Teaching means different things in different places, seven lessons are universally taught from Harle
1. Confusion. Everything I teach is out of context. I teach the un-relating and disconnections of everything. I teach too much: from the orbiting of planets to adjectives. Curricula are full of internal contradictions and lack coherence. Kids leave school without one genuine enthusiasm or indepth appreciation of anything. Human beings seek meaning, not disconnected facts.
“In a world where home is only a ghost because both parents work, or because of too many moves or job changes or too much ambition… I teach you how to accept confusion as your destiny.”
2. Class position. I teach students they must stay in the class where they belong.

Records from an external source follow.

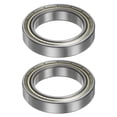 thumbnail image 1 of Uxcell 6805ZZ Ball Bearings 25mmx37mmx7mm Chrome Steel ABEC5 Double Shielded 2 Pack, 1 of 6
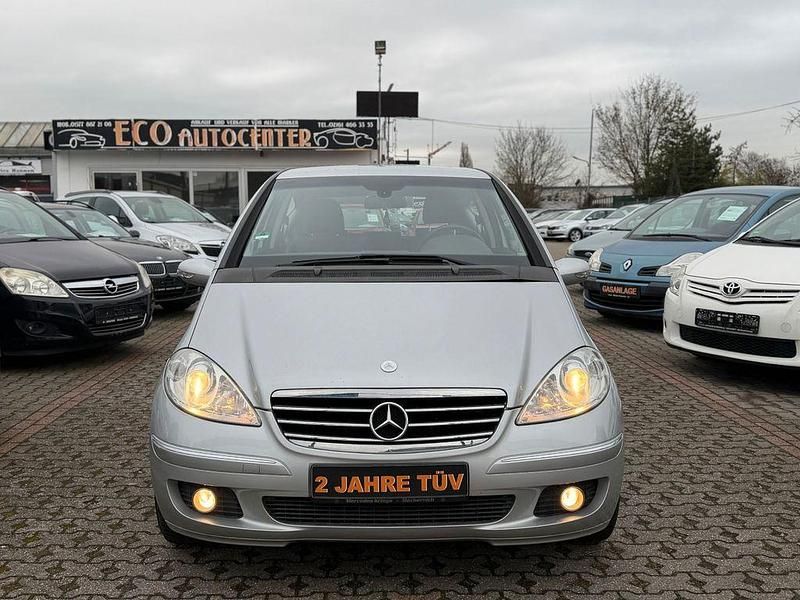 Gebraucht Mercedes A170 116 PS (85 kW) 2005 Polarsilber  metalliclack Kleinwagen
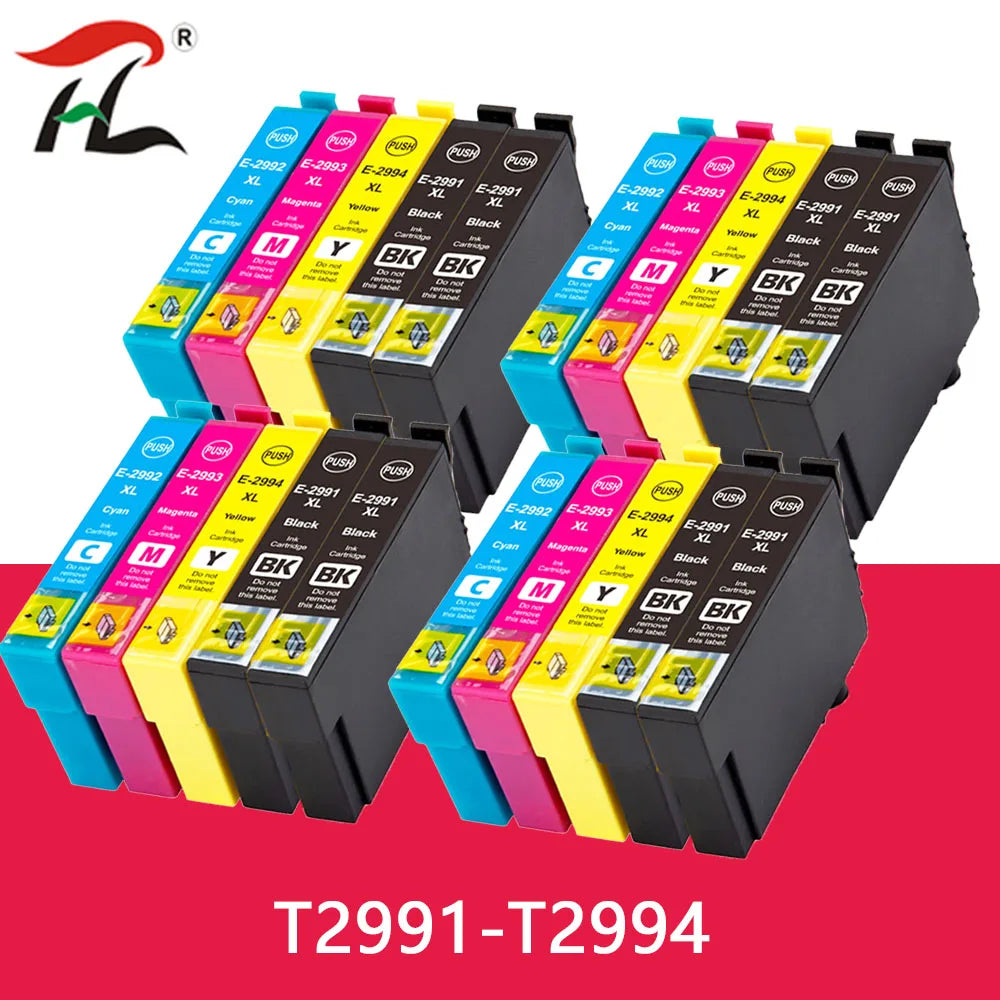 Tintenpatrone 2025: 29XL T2991 Compatible - Epson XP Multi-Series Collection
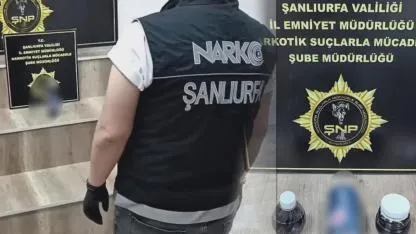 Şanlıurfa polisi zehir tacirlerine geçit vermedi: 2 gözaltı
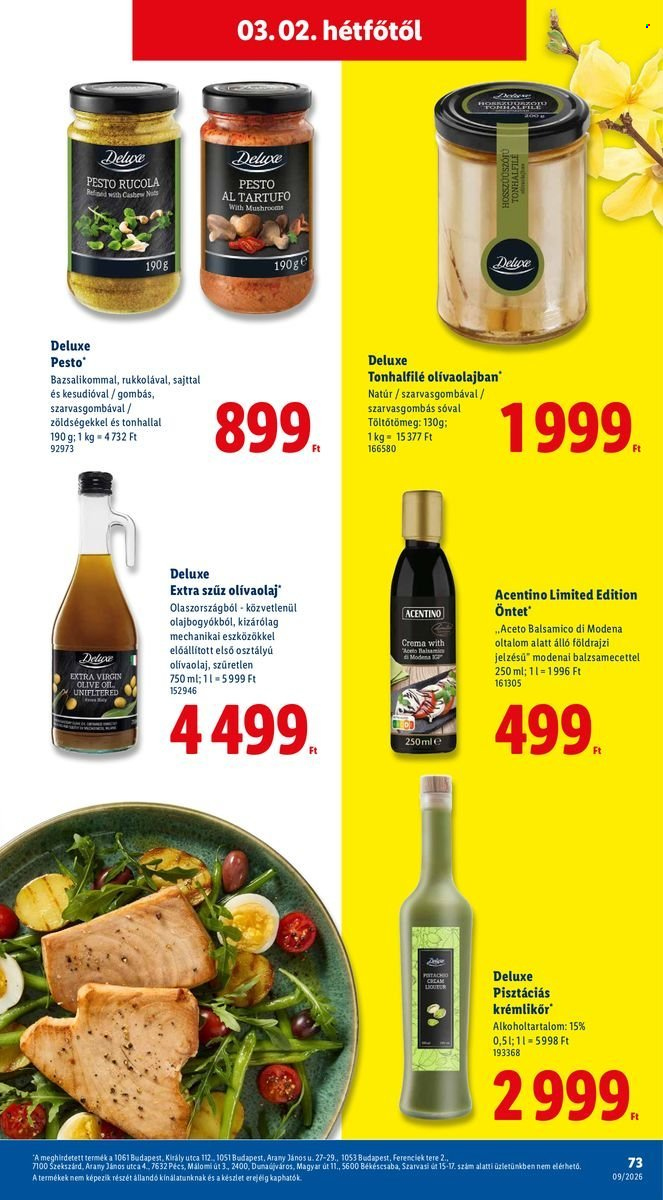 Lidl akciós újságok - 2026.02.26 - 2026.03.04. Oldal 73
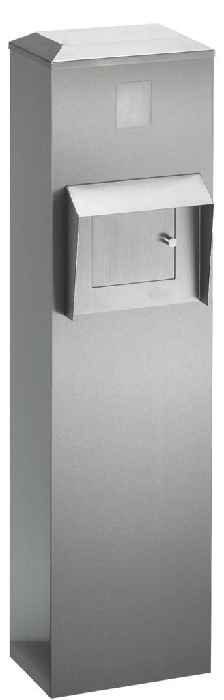 Hertek FSD-Säule Typ K1 (Betonsäule für den Einbau des FSD basic, nach VdS) - Art. BWP542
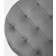 OHS Foldable Round Storage Charcoal Foot Stool 42cm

If I do my job well, the kids can’t even imagine themselves somewhere else, because I have shown them how to envy and fear the better classes, and to have contempt for the dumb classes. The lesson is everyone has a proper place in the pyramid and you must stay where you are put.
3. Indifference. I teach children not to care too much about anything, even though they want to make it appear that they do. I do this by demanding students become totally involved in my lessons, exhibit enthusiasm for my teaching, compete with each other for my favor. But when the bell rings I insist they drop whatever they’ve been doing and proceed to the next class.
“Indeed, the lesson of bells is that no work is worth finishing, so why care too deeply about anything.”
4. Emotional dependency. By stars and red checks, smiles and frowns, I teach kids to surrender their will to the predestinated chain of command. Individuality is a contradiction to class theory and curse to all systems of classification.
5. Intellectual dependency. Good students wait for a teacher to tell them what to do. They learn that we must wait for others, better trained, to make the choices that will direct our lives. successful children do the thinking I assign with a minimum of resistance and decent show of enthusiasm. Curiosity has no place, only conformity. Bad kids fight this, even though they lack the concepts to know what they are fighting. There are procedures to break the will of those who resist. Our entire economy depends upon this lesson being learned. Think of what might fall apart if children weren’t trained to be dependent. We’ve built a way of life that depends on people doing what they are told because they don’t know how to tell themselves what to do.
6. Provisional self-esteem. It is impossible to make self-confident spirits conform. Our world wouldn’t survive a flood such spirits, so I teach that a child’s self respect should depend on expert opinion. The lesson of report cards, grades, and tests is that children should not trust themselves or their parents, but rely on the evaluation of certified officials.
7. One can’t hide. I teach children they are always under constant surveillance. There are no private spaces for children, no private times. Students are encouraged to tattle on each other. The meaning of constant surveillance and denial of privacy is that no one can be trusted, privacy is not legitimate. Children must be closely watched if you want to keep a society under tight central control.